### [Excerpted data]
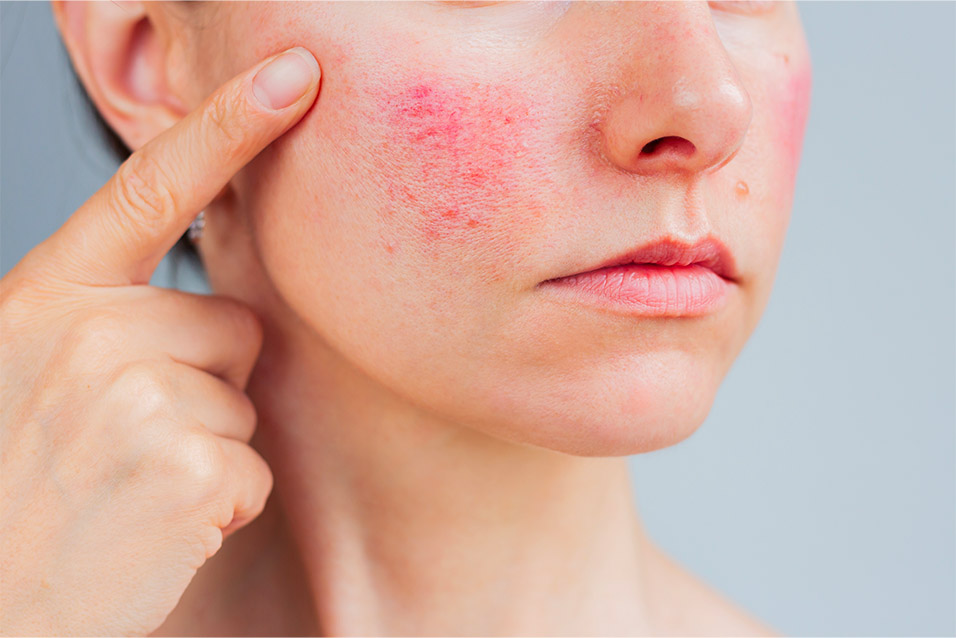 Rosacea 1 Rosacea Centro Medico Europa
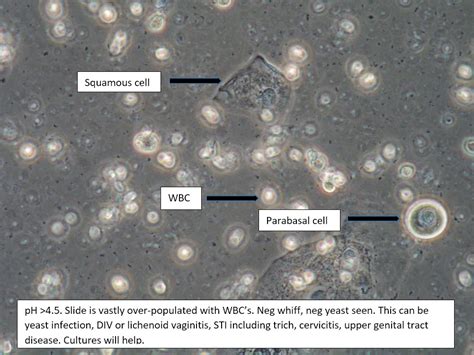 Candida Albicans Microscope Slide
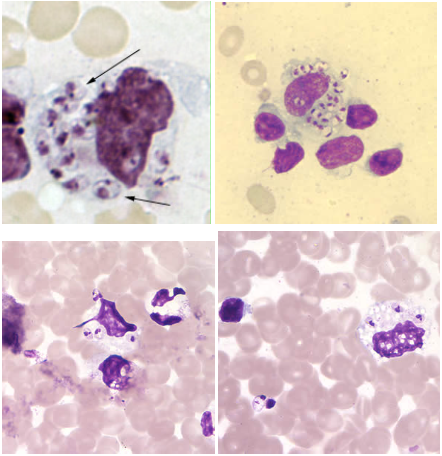 <p>Leishmania spp., amastigotes</p><p>Disease: <u>Leishmaniasis</u></p><p>Vector: <u>Sandfly</u></p><p>Infective stage: <u>Promastigote </u></p><p>Diagnostic stage: <u>Amastigote</u></p><p>Treatment: Amphotericin B</p>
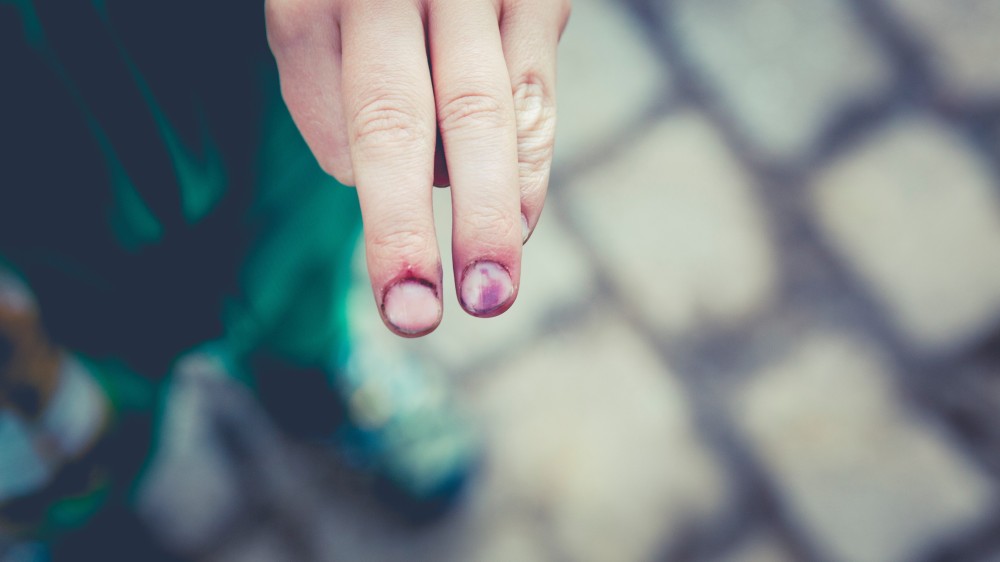 தீப்பற்றி இளம் பெண் காயம்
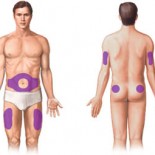 Locuri injectare insulina Locuri injectare insulina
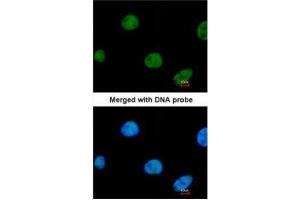 ICC/IF Image Immunofluorescence analysis of paraformaldehyde-fixed HeLa, using ZNF211, antibody at 1:200 dilution. (ZNF211 抗体)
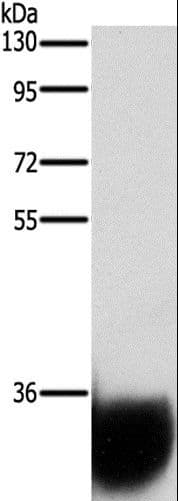 Polyclonal Rabbit anti-Human GPM6A / Glycoprotein M6A Antibody (IHC, WB)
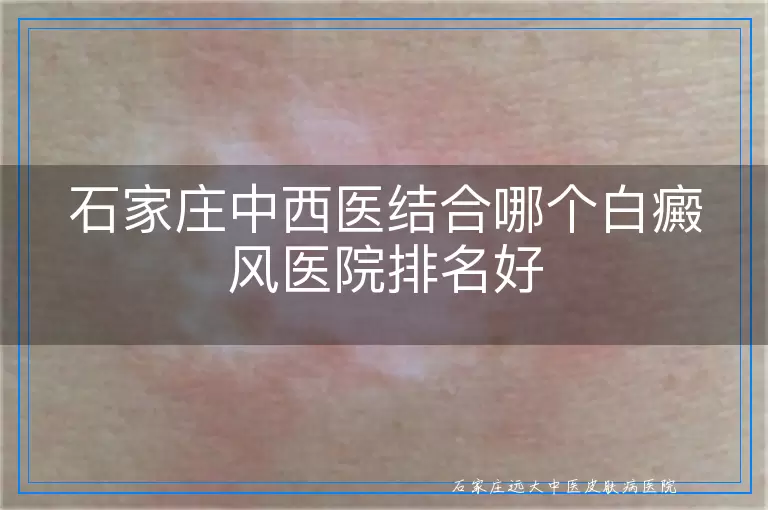 石家庄中西医结合哪个白癜风医院排名好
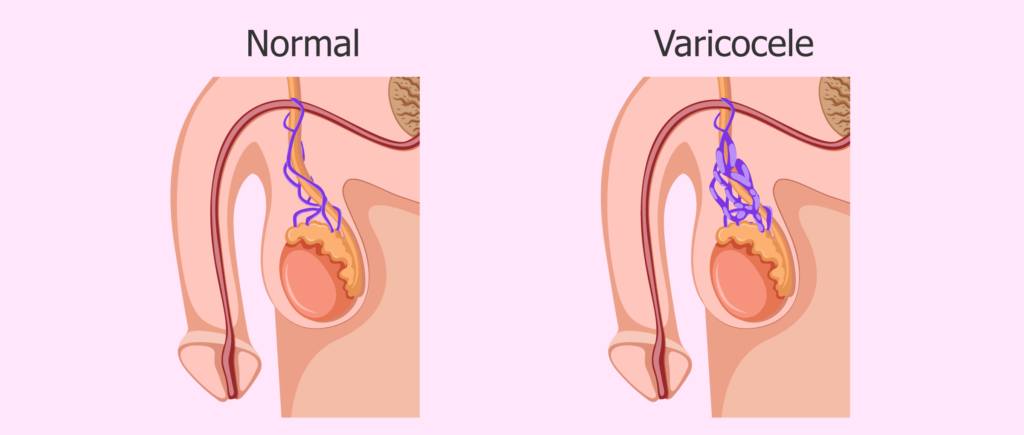 Varicocele Embolization vs Surgery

### [Task statement]
If an entry contains a picture, skip the picture and reproduce everything else exactly.

### [Output for this task]
 Rosacea 1 Rosacea Centro Medico Europa
 Candida Albicans Microscope Slide
 <p>Leishmania spp., amastigotes</p><p>Disease: <u>Leishmaniasis</u></p><p>Vector: <u>Sandfly</u></p><p>Infective stage: <u>Promastigote </u></p><p>Diagnostic stage: <u>Amastigote</u></p><p>Treatment: Amphotericin B</p>
 தீப்பற்றி இளம் பெண் காயம்
 Locuri injectare insulina Locuri injectare insulina
 ICC/IF Image Immunofluorescence analysis of paraformaldehyde-fixed HeLa, using ZNF211, antibody at 1:200 dilution. (ZNF211 抗体)
 Polyclonal Rabbit anti-Human GPM6A / Glycoprotein M6A Antibody (IHC, WB)
 石家庄中西医结合哪个白癜风医院排名好
 Varicocele Embolization vs Surgery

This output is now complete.